● Problem description
Please output the line containing "(Sort) Mini Poseforsegler, 2" and all lines that follow it in the data below, exactly, with no pictures.

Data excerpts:
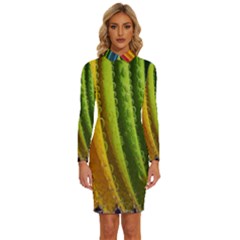  Colorful Illustrations Long Sleeve Shirt Collar Bodycon Dress by artworkshop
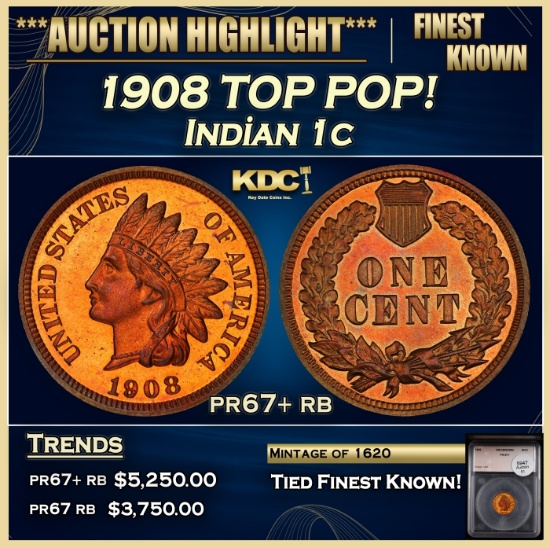 YC 1908 Proof Indian Cent TOP POP! 1c pr67+ rb SEGS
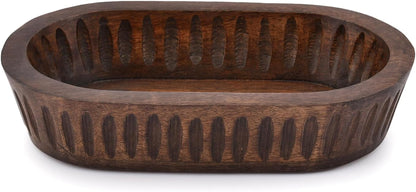 Mango Wood Decorative Bowls for Home Décor, Decorative Long Wooden Bowl for Table Centerpiece (10" X 6" X 2")2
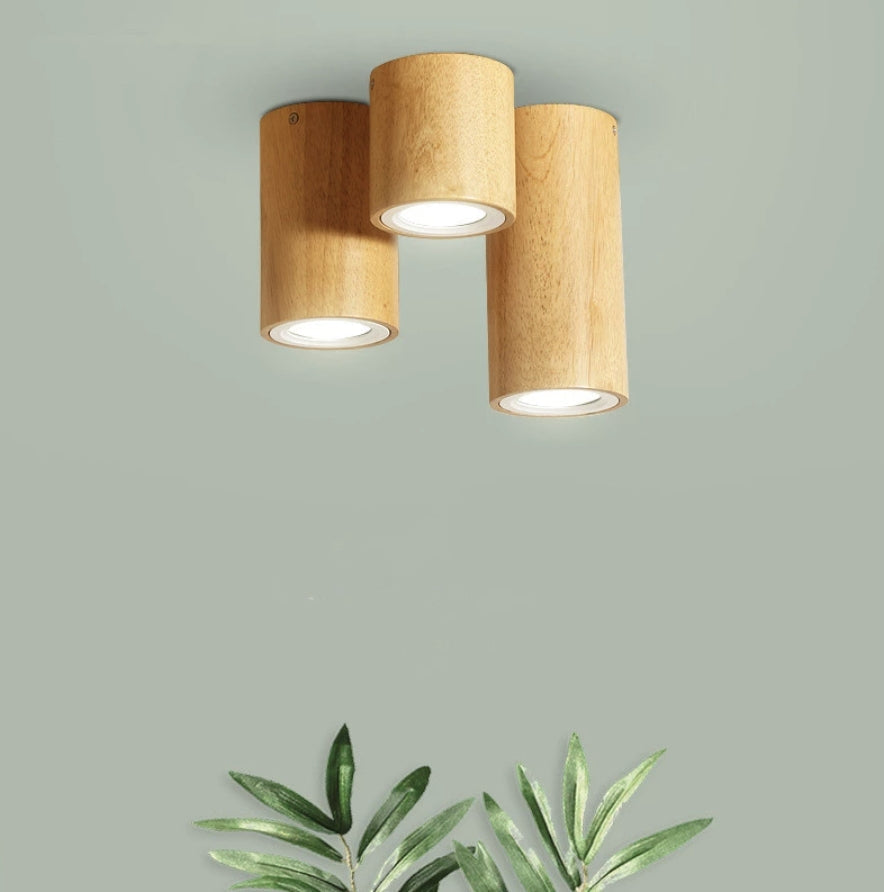 Muto Modern Wood Ceiling Light, Cylindrical, Corridor/Balcony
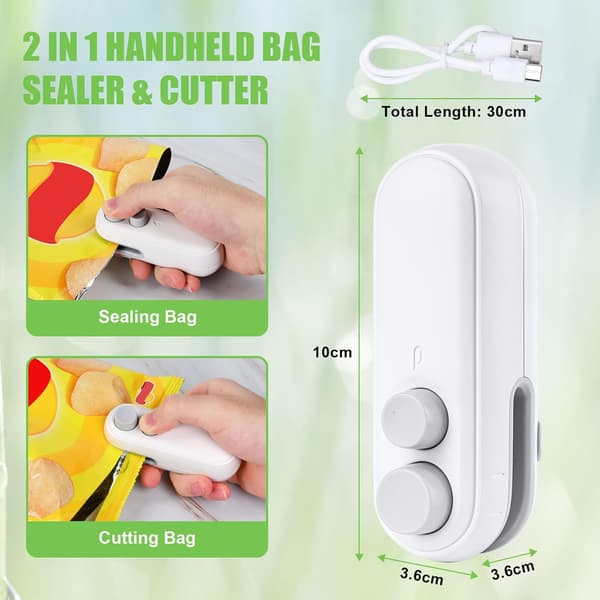 (Sort) Mini Poseforsegler, 2 i 1 Mini Posevarmeforsegler, Velegnet til F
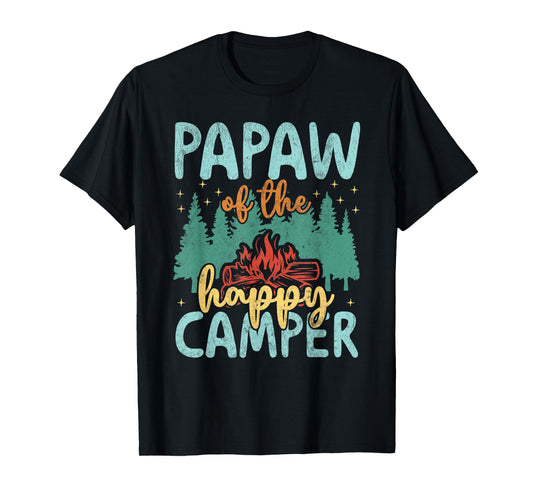Papaw of Happy Camper 1st Birthday Party Retro Papaw T-Shirt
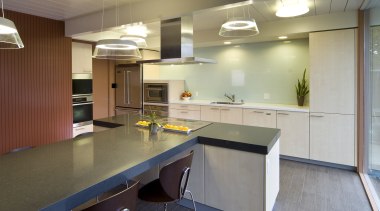 View of contemporary kitchen, bench, breakfast bar, white countertop, interior design, kitchen, real estate, room, gray, brown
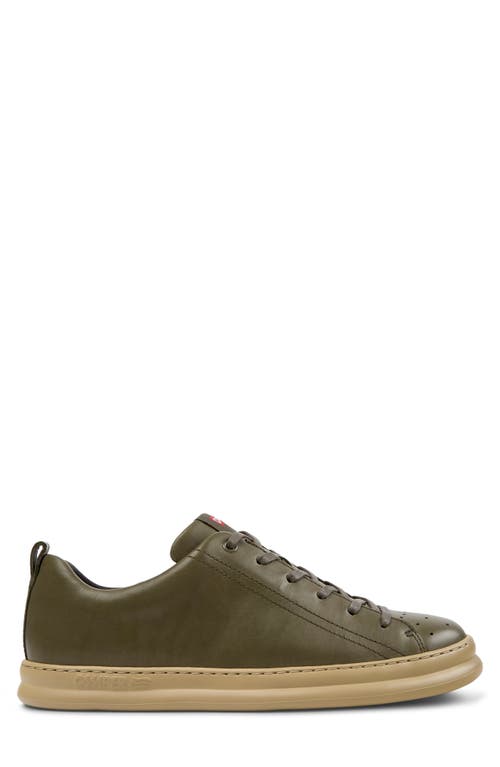 Camper Runner Leather Sneaker In Medium Green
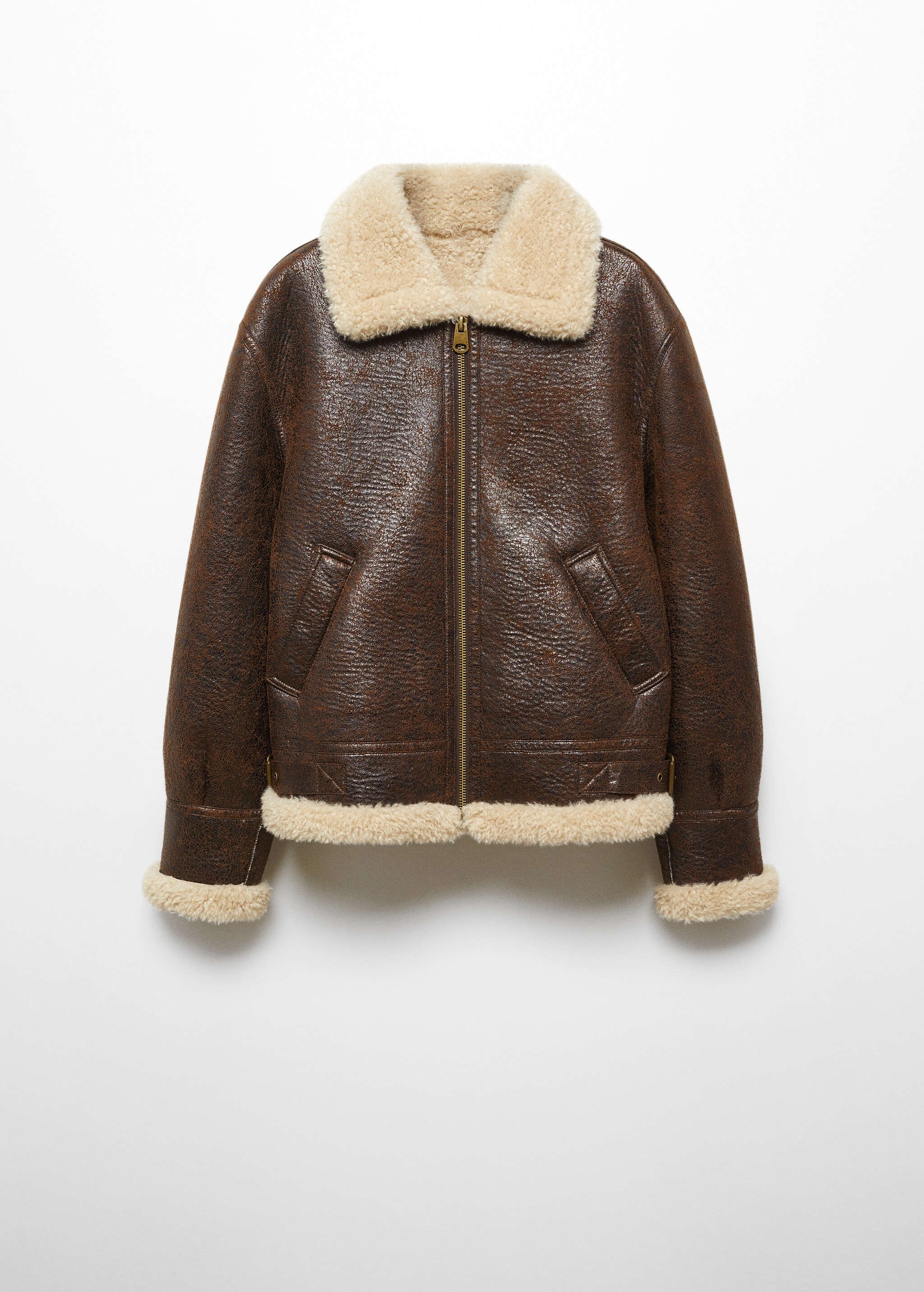 Vintage-effect shearling jacket - Article without model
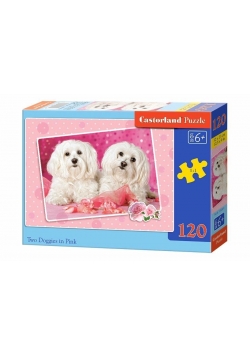Puzzle 120 Dwa pieski w różu CASTOR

● Response area
 (Sort) Mini Poseforsegler, 2 i 1 Mini Posevarmeforsegler, Velegnet til F
Papaw of Happy Camper 1st Birthday Party Retro Papaw T-Shirt
 View of contemporary kitchen, bench, breakfast bar, white countertop, interior design, kitchen, real estate, room, gray, brown
 Camper Runner Leather Sneaker In Medium Green
 Vintage-effect shearling jacket - Article without model
Puzzle 120 Dwa pieski w różu CASTOR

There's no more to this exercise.